Okay... I concede. Apparently not everyone understands how search engines work when they launch their website or mini-website (like an MSN Space) on the internet. I have begun to get a small number of e-mails and comments regarding, "Why am I listed in your list? I didn't ask to be listed." These range from incredibly hostile to confused, but excited.
Before I jump into the details of the "Why", I'll make the unformal announcement that I have stopped automated processing of additional spaces until I can provide additional support for authors to remove themselves from the list and to limit how many times a space's content is indexed in a day. The hows of all this are up to me, but I'll give everyone an update within the next couple of days. For those of you who have been included in the list and already voiced your desire not to be included, I apologize, but you will have to wait. Read everything below if you are upset by this.
My List Works Just Like a Search Engine
If your "website" does not completely limit access to its content, the content is said to be "in the public domain". However, search engines recognize that not everyone wants their web pages to be included in the results, so they implemented a solution. Well, more of a "good practice". The program that updates my list is known as a "web agent", a kind of "internet bot" that seeks out information on the internet. It works similiar to a search engine spider. My program could also be considered a news aggregator
How Websites Limit Access to Content
Webpages may include a special HTML tag that tells an internet bot / web spider / web robot whether or not to index the page's content and whether or not to follow any links within the content. Another file, known as "robots.txt", can specify how an bot accesses your website or a specific web directory within the site. Links in HTML may also include information that tells a bot not to follow it, giving the web page's author complete control. However, internet bots that automatically read web pages are not required to respect these standard guidelines. This is an unfortunate reality on the internet. So, an author might specify everything to limit access to their content, but ultimately, unless the content is physically protected, it's up to the internet bot to decide.
How MSN Spaces Limits Access to Content
Most authors of mini-websites, like MSN Spaces, do not have control over "robots.txt" or the HTML tag for controlling web page indexing. So, MSN Spaces has provided the option to physically restrict access to a person's "Space" as well as providing support for specifying that a link is not to be followed. So, what if you do not want to restrict physical access to your space, but want to restrict access to your content by search engines or internet bots?

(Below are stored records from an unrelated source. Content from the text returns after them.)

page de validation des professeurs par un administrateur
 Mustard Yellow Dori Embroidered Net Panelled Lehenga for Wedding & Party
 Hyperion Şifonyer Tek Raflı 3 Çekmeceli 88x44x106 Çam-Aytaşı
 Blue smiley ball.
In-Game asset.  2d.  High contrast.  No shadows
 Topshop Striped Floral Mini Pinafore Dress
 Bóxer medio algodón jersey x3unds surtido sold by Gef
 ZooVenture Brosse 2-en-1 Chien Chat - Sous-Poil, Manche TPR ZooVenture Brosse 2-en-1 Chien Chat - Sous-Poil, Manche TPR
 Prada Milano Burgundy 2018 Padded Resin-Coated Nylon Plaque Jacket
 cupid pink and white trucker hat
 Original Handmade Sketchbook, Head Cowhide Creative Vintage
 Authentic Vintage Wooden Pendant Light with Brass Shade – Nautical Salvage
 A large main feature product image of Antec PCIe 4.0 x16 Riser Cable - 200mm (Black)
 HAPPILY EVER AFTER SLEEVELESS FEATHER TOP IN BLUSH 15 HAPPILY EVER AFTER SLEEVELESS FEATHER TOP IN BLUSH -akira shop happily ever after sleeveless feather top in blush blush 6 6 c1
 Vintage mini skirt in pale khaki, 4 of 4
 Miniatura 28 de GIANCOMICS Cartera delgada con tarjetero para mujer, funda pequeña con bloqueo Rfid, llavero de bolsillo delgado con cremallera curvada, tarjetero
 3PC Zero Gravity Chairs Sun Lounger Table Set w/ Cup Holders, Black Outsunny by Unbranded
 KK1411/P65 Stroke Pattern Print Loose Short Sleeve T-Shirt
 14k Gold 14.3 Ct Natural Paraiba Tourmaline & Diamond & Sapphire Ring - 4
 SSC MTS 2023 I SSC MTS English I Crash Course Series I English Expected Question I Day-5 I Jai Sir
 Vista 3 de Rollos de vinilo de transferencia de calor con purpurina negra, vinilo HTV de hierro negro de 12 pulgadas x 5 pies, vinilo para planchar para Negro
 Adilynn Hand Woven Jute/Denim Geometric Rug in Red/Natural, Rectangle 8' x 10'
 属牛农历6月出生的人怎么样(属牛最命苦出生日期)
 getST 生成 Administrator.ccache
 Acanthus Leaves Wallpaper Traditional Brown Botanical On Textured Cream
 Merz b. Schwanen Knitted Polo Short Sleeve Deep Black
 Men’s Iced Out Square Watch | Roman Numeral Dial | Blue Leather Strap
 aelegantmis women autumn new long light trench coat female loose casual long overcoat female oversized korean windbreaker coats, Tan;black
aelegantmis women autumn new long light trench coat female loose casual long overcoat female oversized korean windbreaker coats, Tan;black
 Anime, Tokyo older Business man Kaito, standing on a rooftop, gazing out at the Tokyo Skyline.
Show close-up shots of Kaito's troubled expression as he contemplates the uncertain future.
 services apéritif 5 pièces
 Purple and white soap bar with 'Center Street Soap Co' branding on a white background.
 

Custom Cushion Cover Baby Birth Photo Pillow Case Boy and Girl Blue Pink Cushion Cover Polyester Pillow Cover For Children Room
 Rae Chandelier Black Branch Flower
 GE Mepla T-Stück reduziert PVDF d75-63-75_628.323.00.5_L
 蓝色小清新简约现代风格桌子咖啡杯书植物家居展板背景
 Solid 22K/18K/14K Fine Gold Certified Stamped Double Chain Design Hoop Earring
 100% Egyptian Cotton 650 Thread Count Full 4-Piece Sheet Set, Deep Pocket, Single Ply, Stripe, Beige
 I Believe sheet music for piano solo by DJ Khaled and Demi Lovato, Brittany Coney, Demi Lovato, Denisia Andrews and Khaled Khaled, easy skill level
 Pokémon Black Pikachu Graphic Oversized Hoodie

How MSN Spaces Should Limit Access to Content
Building on their existing support for limiting content, MSN Spaces should provide the additional options for limiting access to content:
- MSN Spaces should give us all the option to limit how an internet bot accesses our content, possibly providing a checkbox in our "Settings" panel for "noindex" and "nofollow" commands.
- MSN Spaces should also enable us to specify whether or not to include our Space in their own "Updated Spaces" list that appears on most spaces or in their "More Spaces" list.